Cualquiera sabe que los movimientos en espejo son irritantes, pero de alguna manera, esa apertura resultó ser algo así como un ritual iniciático de las partidas cotidianas, intrascendente en el desarrollo de la partida, pero indispensable más allá del propio juego.

Así es que se entiende por qué las cosas cambiaron drásticamente la noche que las blancas iniciaron con Cf3, eligiendo su Caballo de la Dama como primera jugada y ganando la partida en menos de diez movimientos. Una apertura nueva, deliberada y dolorosamente efectiva.

Ese sencillo gesto fue considerado como la mayor traición que pudiera alguien cometer y desató emociones que nunca habían manchado nuestro tablero: la sorpresa, la indignación, el estupor, la sospecha, el enojo y la sed de venganza. Desde esa noche las partidas se volvieron mucho más intensas. Su relación se caía a pedazos, hundidos como estaban en la apatía y el desdén; como pareja se volvieron una mierda, pero como jugadores, cada vez mejores. Salieron al mundo, estudiaron, aprendieron, entrenaron. Y en el tablero nuestro de cada día se desarrollaba una nueva batalla, llena de pericia y astucia, de arte refinado y agresión estrictamente tabulada. Ganar o perder se volvió, paradójicamente, una cuestión de vida o muerte.
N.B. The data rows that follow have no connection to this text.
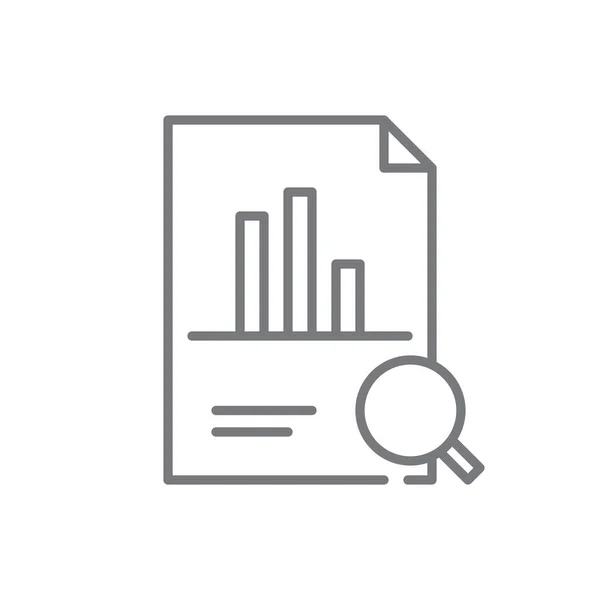 Εικονίδιο Business Μαύρο Περίγραμμα Στυλ Διάγραμμα Δεδομένα Διάγραμμα Έκθεση Οικονομικά — Διανυσματικό Αρχείο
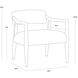 Keagan Saloon Light Grey Leather Lounge Chair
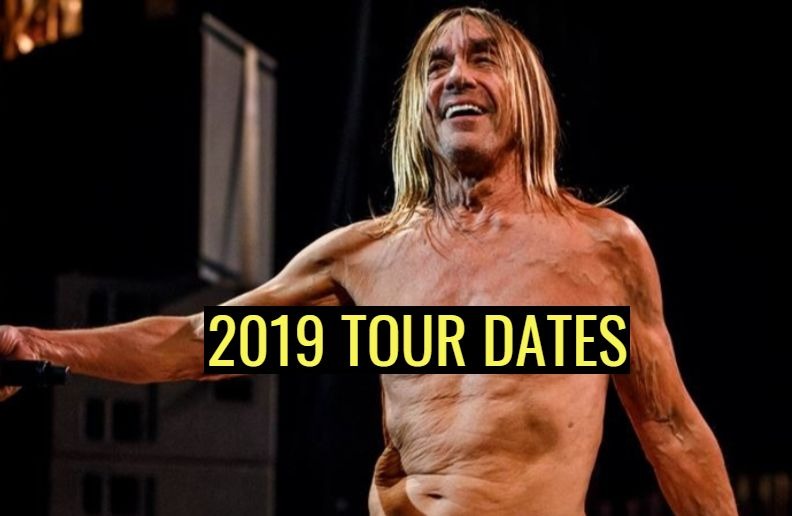 Iggy Pop 2019 tour dates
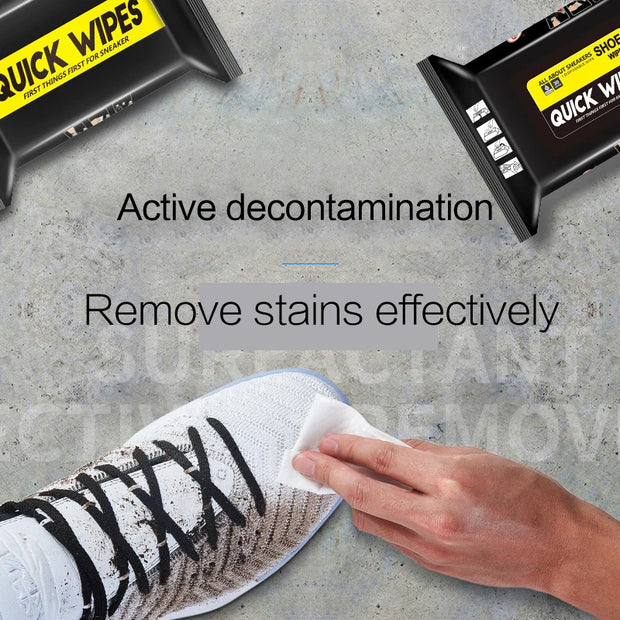 Disposable Shoe Wipes - Portable Cleaning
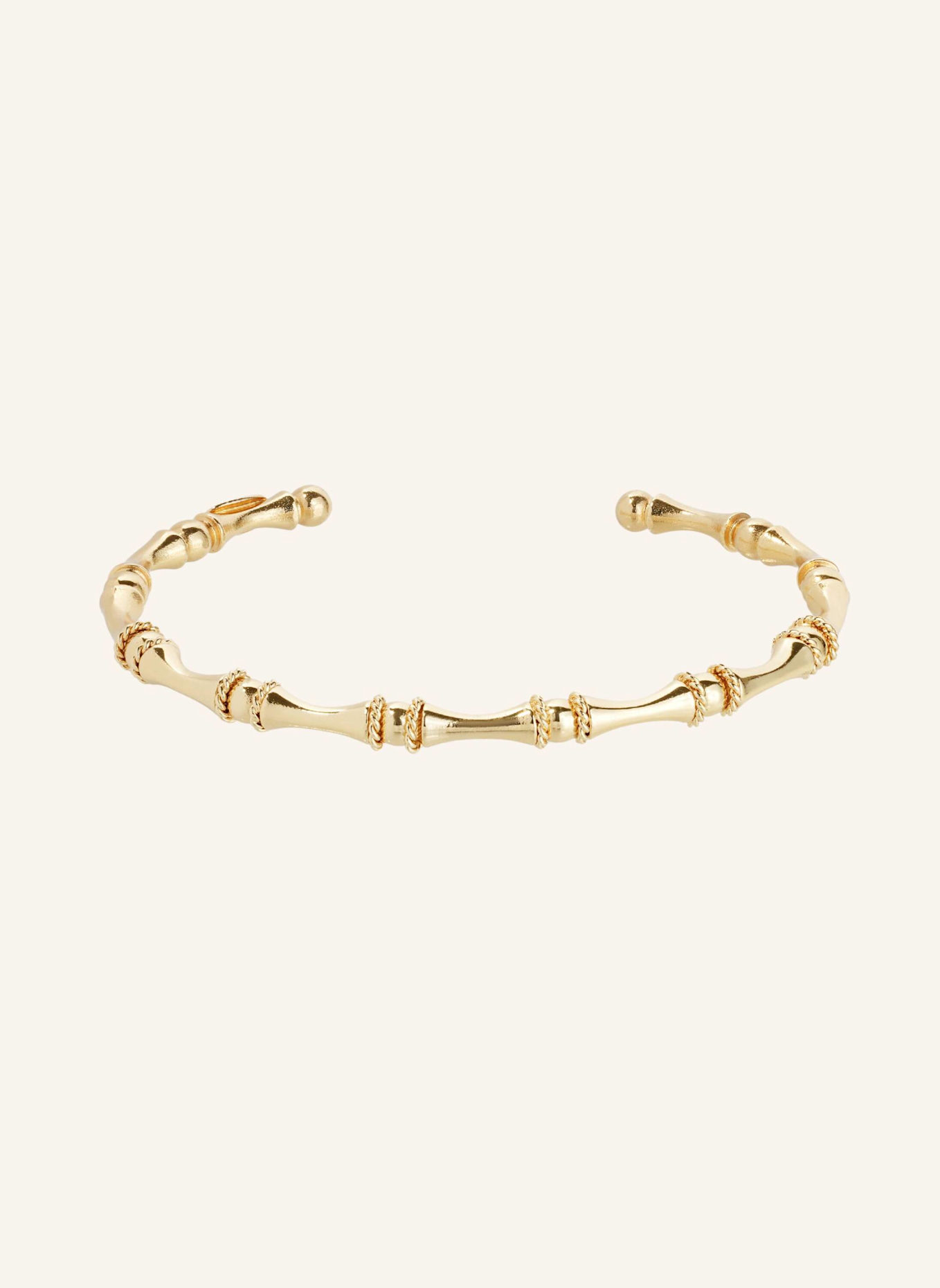 GAS BIJOUX Armreifen BAMBOU MINI by GLAMBOU: GOLD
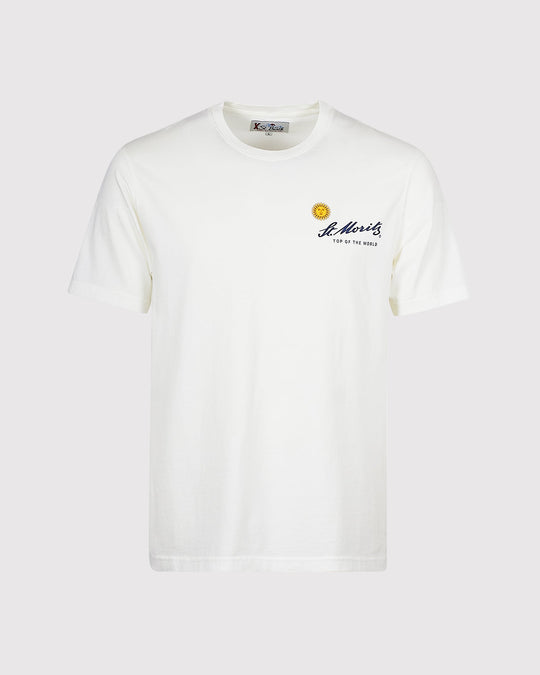 Top Of The World T-Shirt Hvid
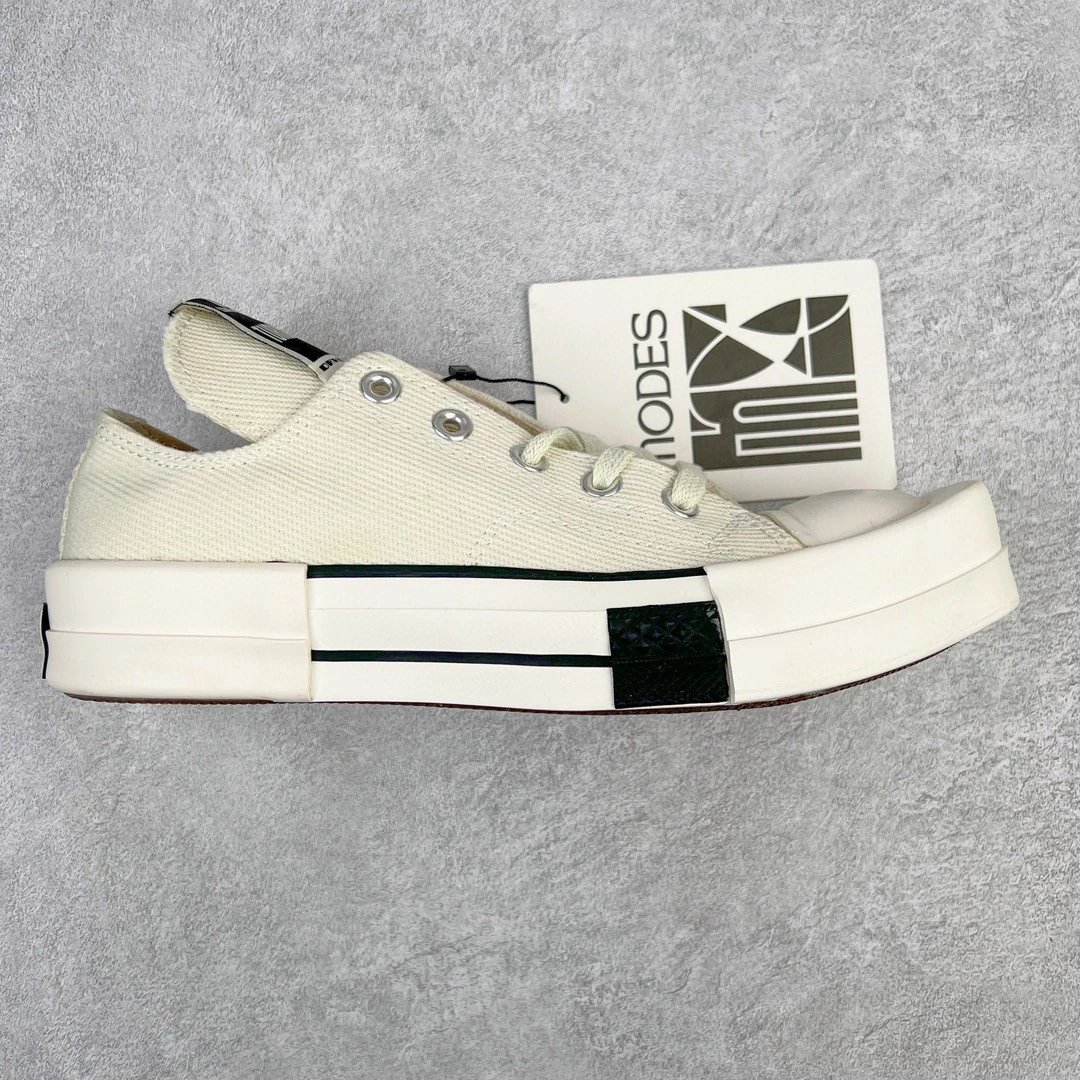 Unbranded Sneakers Platform lace-up with contrast toe caps — White Square Head Low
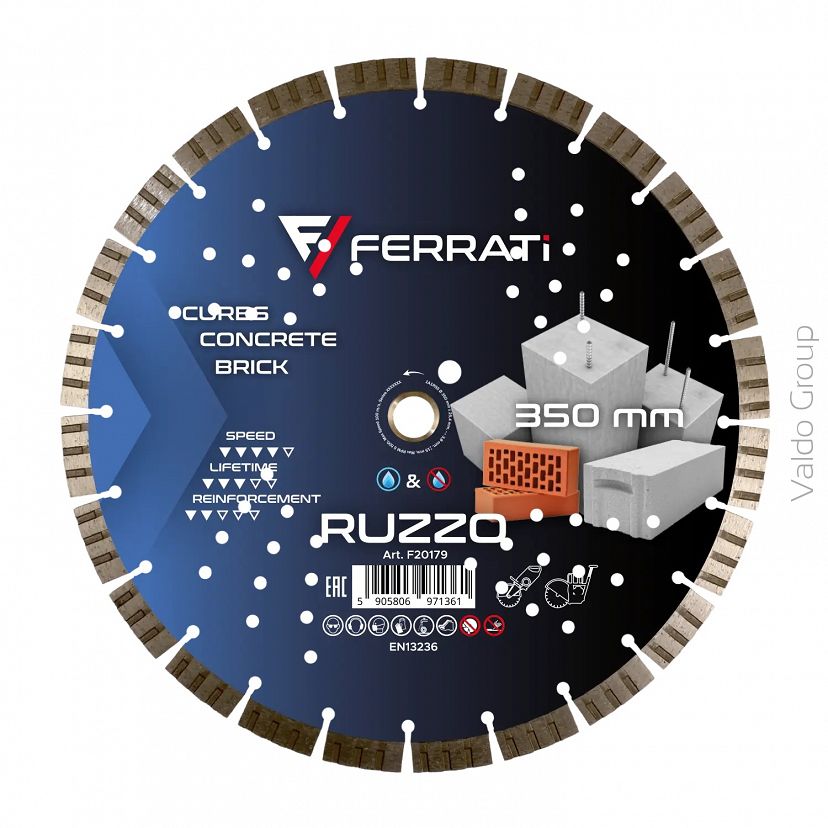 TARCZA DIAMENTOWA TNĄCA 350MM RUZZO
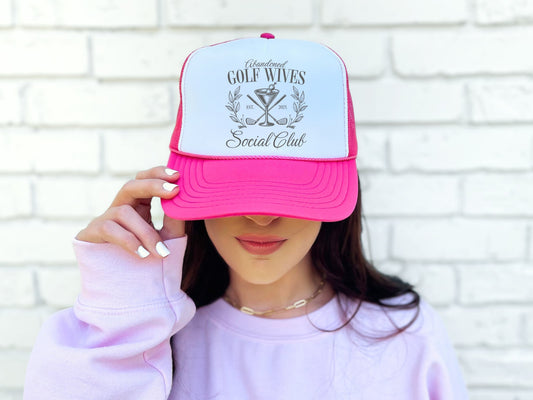 Golf Wives Social Club - trucker hat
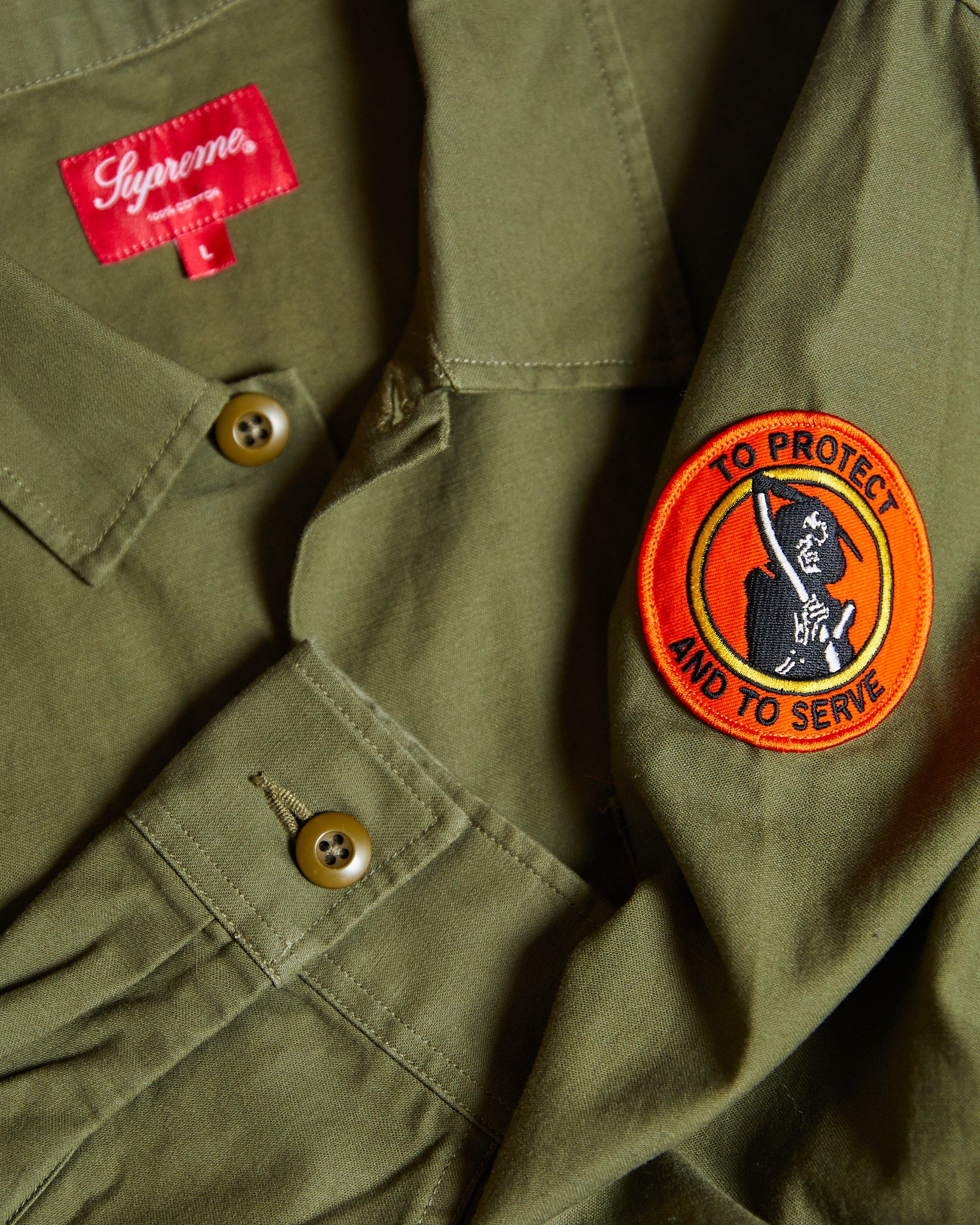 Supreme Army Military Jacket green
A pesar de que ahora ya jugaban como expertos, tarde o temprano terminaba yo siempre estancado en A4, frente a mi némesis en A5. Desde ahí, eramos testigos forzosos de las masacres que se sucedían en el tablero. Sin poder avanzar, ni atacar, ni defender ni nada. Simplemente fungir de testigos, como el Horacio de Hamlet, condenados a sobrevivir para contar la historia una y otra vez.

Una noche, más regada de alcohol y rencor de lo que venía siendo habitual, otro triste peón quedó a mi disposición en B5. Primero pensé que era un error, después sospeché que era una trampa. No quedábamos muchas piezas en pie en el tablero. Si la capturaba, se despejaba mi camino a la coronación, pero también le dejaba vía libre para hacer mismo a mi oponente. Algo me dijo que era mi ultima oportunidad y me lancé, por primera vez, más allá de la mitad del tablero, soñando ya en lo que podría ser: ¿Dama o Torre? ¿Caballo o Alfil?

Muy al fondo de mi consciencia, y apaciguados por las trompetas de gloria que resonaban en mi cabeza, se oían los gritos in crescendo, llenos de improperios y cargados de odio, de los que alguna vez fueron unos dulces tortolitos.

Un par de jaques retrasaban mientras tanto mi avance glorioso hacia la fila 8, pero ya no había forma de detenerme.

Bueno, sí la hubo. De un solo manotazo, el viejo tablero de madera y las pocas fichas que aún lo habitábamos salimos despedidos por la ventana abierta de aquel del tercero piso.

Yo terminé en una alcantarilla húmeda de la cual nunca volví a salir, siendo el mismo peón que siempre había sido. La historia de aquellos dos, no sé como terminó, aunque me hago una idea.